There are a few curious glances from passers-by as Beattie sets up the microphones. But once she re-emerges from the back of the truck an audience begins to gather and several shoppers question the diminutive but authoritative figure at the microphone stand.
“As soon as you are in uniform there’s a certain level of interest; people come up and ask what you are doing,” Beattie says. “We explain to them that what we are doing is a full-time job.”
When the police band originated 120 years ago it was formed by those on the beat who volunteered to play an instrument part-time. It became a full-time occupation in 1980s, when professional musicians were sworn in as police members
The Showband plays across Melbourne and regional Victoria in the community and schools and the public can check the police website for the showband’s calendar for a performance in their neighbourhood.

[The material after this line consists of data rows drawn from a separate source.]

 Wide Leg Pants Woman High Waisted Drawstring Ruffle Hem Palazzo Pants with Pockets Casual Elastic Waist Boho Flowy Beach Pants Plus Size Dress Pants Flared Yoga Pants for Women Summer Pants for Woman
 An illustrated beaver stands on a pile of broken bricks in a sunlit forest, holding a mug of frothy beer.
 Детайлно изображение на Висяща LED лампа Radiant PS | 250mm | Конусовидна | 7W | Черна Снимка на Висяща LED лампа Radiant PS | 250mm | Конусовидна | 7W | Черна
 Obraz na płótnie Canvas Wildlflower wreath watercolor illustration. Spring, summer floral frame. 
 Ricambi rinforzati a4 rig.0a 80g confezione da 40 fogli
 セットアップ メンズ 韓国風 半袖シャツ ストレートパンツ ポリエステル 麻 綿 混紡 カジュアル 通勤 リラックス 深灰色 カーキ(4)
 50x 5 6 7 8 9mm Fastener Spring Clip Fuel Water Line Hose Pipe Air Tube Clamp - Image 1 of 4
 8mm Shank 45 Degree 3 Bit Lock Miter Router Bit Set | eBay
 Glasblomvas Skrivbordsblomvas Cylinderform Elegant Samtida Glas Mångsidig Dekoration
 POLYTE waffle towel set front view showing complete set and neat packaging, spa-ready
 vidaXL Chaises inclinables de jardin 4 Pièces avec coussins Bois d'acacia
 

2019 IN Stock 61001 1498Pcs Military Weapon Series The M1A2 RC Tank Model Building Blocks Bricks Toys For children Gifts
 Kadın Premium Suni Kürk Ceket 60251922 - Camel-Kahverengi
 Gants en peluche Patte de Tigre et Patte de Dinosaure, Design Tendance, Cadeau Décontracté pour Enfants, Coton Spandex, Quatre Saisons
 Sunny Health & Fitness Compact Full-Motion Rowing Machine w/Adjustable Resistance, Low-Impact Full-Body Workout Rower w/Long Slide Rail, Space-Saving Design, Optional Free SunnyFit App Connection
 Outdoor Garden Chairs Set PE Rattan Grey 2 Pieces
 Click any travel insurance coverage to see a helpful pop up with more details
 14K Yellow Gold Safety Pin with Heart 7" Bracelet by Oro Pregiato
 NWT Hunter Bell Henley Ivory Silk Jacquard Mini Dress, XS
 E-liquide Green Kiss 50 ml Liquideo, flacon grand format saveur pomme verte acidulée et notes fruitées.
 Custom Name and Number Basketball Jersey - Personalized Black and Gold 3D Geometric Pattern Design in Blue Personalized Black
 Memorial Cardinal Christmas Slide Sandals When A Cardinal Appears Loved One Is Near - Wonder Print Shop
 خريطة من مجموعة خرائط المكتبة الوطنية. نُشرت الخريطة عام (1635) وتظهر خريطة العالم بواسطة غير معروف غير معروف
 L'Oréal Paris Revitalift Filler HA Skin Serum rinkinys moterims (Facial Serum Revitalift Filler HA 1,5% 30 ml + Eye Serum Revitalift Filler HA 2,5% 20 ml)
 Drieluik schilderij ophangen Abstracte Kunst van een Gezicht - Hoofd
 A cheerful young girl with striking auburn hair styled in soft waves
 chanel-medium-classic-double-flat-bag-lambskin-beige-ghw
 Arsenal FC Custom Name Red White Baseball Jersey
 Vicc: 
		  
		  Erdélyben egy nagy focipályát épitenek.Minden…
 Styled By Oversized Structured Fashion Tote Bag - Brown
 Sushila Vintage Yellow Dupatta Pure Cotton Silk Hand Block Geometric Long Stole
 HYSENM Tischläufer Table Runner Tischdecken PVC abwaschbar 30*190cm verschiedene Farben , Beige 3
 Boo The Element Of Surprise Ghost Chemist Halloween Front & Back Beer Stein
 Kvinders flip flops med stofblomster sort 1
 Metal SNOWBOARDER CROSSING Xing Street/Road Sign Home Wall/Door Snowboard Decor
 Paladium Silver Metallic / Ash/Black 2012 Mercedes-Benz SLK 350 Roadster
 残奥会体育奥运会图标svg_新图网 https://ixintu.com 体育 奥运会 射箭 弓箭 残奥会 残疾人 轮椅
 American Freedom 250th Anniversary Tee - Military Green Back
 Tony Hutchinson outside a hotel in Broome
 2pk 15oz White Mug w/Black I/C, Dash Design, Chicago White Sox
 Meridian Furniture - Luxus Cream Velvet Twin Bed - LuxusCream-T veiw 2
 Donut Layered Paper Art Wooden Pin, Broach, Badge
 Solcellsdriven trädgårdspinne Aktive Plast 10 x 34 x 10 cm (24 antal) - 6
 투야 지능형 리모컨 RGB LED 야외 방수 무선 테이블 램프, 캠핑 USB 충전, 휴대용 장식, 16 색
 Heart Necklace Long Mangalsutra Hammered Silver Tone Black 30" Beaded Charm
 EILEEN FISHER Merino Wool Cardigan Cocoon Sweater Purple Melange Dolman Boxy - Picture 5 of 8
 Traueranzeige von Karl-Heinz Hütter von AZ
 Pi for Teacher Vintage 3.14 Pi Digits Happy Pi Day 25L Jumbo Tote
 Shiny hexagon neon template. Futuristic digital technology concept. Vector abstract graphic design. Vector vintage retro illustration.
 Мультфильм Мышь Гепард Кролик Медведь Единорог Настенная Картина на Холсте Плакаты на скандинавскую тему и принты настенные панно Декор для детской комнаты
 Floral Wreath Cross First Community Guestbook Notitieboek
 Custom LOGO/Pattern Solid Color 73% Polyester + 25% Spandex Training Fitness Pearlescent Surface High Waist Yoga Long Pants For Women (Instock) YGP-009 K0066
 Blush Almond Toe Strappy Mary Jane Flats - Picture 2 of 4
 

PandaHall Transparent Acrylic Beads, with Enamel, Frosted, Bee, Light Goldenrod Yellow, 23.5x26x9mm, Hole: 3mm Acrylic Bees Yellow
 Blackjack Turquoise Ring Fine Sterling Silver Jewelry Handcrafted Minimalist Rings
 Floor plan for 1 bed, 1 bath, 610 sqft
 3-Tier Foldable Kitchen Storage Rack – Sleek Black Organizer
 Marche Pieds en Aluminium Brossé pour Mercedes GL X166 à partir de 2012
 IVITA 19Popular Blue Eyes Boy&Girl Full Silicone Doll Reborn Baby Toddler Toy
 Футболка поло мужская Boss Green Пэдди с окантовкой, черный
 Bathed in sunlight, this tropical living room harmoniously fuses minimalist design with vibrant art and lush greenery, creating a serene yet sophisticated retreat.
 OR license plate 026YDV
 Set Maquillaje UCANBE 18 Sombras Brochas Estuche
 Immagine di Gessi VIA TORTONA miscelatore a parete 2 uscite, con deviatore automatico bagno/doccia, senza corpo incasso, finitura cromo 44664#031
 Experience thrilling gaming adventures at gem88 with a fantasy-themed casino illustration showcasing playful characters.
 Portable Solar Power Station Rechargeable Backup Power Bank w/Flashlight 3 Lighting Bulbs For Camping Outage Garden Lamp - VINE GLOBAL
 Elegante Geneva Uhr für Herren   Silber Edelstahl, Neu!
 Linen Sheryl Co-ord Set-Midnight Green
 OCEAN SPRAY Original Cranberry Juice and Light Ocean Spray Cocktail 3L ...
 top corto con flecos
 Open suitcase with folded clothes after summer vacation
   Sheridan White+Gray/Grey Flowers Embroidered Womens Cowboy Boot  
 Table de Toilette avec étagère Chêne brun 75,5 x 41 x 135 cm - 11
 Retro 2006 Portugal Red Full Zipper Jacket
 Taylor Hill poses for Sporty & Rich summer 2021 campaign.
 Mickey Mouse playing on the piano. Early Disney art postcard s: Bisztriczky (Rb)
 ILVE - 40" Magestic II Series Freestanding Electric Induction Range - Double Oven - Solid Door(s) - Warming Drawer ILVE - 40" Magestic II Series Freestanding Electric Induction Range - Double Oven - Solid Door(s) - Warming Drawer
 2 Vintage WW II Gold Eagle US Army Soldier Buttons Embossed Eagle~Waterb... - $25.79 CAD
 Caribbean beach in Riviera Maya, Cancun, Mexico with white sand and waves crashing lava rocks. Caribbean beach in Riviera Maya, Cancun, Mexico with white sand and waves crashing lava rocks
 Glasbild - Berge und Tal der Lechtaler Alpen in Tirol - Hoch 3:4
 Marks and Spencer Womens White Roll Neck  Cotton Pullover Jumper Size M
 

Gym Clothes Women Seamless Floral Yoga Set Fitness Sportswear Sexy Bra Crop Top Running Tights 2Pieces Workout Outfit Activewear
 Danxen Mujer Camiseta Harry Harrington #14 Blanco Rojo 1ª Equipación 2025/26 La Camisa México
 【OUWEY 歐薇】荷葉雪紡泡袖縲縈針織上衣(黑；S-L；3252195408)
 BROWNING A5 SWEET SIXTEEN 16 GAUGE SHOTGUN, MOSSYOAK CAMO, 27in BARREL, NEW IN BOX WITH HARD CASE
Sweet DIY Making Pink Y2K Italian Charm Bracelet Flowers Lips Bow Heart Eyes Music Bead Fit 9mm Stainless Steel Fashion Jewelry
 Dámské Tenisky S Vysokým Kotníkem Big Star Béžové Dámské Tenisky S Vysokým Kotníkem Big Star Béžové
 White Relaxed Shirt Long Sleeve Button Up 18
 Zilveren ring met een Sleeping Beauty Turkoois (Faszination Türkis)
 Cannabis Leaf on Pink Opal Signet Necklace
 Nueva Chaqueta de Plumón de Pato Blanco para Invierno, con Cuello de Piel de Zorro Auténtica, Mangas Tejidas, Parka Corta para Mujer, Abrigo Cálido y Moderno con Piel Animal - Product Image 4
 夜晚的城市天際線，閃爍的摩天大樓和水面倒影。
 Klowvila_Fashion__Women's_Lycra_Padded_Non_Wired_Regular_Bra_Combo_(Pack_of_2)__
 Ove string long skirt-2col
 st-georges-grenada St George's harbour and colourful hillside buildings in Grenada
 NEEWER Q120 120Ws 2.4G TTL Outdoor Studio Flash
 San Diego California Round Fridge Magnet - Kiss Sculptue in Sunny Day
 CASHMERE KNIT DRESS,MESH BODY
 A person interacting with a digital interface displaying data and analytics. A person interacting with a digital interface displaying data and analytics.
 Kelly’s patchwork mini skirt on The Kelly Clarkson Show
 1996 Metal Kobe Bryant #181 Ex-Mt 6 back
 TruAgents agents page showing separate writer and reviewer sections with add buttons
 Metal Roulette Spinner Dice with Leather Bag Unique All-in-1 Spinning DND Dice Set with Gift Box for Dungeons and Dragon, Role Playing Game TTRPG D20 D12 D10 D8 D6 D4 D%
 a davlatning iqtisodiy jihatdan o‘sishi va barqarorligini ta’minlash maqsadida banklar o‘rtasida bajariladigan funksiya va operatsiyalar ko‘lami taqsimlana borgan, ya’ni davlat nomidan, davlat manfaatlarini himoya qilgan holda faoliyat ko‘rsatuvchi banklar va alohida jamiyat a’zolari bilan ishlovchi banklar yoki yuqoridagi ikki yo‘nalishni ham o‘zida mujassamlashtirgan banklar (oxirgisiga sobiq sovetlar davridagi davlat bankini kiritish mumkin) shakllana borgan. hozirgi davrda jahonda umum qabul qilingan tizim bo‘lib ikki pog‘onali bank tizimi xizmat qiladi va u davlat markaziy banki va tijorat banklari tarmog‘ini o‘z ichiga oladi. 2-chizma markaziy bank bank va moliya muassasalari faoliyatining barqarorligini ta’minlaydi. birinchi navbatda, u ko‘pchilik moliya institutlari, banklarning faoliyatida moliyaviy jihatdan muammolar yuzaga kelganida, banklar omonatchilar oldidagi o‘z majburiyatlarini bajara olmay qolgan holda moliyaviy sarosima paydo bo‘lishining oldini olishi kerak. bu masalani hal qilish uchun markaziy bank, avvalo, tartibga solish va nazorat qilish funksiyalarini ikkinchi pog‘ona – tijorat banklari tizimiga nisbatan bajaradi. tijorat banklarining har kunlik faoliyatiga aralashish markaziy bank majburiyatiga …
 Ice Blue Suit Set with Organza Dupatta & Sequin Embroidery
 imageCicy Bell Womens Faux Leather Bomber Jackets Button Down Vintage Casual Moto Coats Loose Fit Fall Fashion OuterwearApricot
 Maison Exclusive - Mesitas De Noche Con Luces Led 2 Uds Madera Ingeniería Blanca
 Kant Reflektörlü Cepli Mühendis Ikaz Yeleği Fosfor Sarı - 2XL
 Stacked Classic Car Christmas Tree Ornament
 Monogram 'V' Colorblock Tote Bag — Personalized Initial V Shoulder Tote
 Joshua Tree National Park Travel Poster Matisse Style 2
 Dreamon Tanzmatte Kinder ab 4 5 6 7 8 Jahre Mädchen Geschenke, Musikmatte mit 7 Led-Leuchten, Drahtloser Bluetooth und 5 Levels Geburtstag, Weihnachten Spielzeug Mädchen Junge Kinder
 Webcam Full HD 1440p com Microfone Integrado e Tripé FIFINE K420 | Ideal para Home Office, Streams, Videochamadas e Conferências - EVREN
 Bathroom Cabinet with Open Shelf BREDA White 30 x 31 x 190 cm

More glitzy gigs include charity nights, when Beattie frocks up out of uniform to perform at venues that have included Crown’s Palladium room, Hamer Hall and Melbourne’s World Congress Centre.
Beattie, 46, has been on patrol with the showband around Victoria for the past 11 years and previously sang with the Victoria Police’s rock band, Code One, for six years. Her role in the police force was recognised with a national award for “rockin’ it” in January.
She wears the stripe of a senior constable, “and we have full police powers of arrest”, but, as with the rest of the 24 showband members, isn’t operational as a police officer.
Band leader Sergeant Pat Hudson, who has in the past been in the back-row line-up on trombone, watches from beyond the police-taped stage edge as the party gets started.
Music spills into the mall and an audience builds. Most of the smoking section – a half-brick wall outside the supermarket – is full. Hudson says that at the height of the set about 200 people are toe-tapping to the tunes.
The youth that the showband is reaching out to largely respond to the offer of musical friendship, with most unplugging at least one earphone to catch a Lady Gaga or Beyoncé song.
An older fan, Robert Fraser, 59, dances through all three sets, oblivious to the fact he is mostly dancing solo on the pavement. A middle-aged woman kicks off her heels, dumps her handbag under the watchful gaze of the band’s brass section and joins him for a track. Towards the end of the last set a trio of teens lose their inhibitions and let their lanky limbs loose.
Collectively, the three bands perform about 500 gigs annually, and Hudson says these reach about 650,000 Victorians a year. In times of hardship and disaster, the Showband is dispatched to communities where an uplifting tune can bring some cheer or relief in tough times.
“When there were floods in country Victoria a year ago we had a week tour in those regions, and we based ourselves in Horsham. We were bussed out to country towns I had never heard of where all 50 people in the town came to see us. When we do a show for them it’s the only thing that has made them smile in a long time.”
Beattie says the performances are not all about the music, as she spends a lot of time talking to locals.
In addition to Cats, Beattie took lead roles in her school’s Gilbert and Sullivan productions before studying voice at Melba Conservatorium and primary teaching in music at Victoria College. She gained professional experience with Dame Joan Sutherland in Othello for the Australian Opera (now Opera Australia) and with the Wiggles in front of a crowd of 80,000.
“I still have singing lessons because it is important that our music is as high a standard as it can be,” Beattie says. “Being with the band involves a regimented lifestyle, especially for the singers to stay fit and healthy. In a 10-day fortnight we get four days off, and those 10 days can be at any time.
“We spend many hours travelling … being on tour with the band on the bus is like being in a sitcom. There are some incredibly funny personalities.”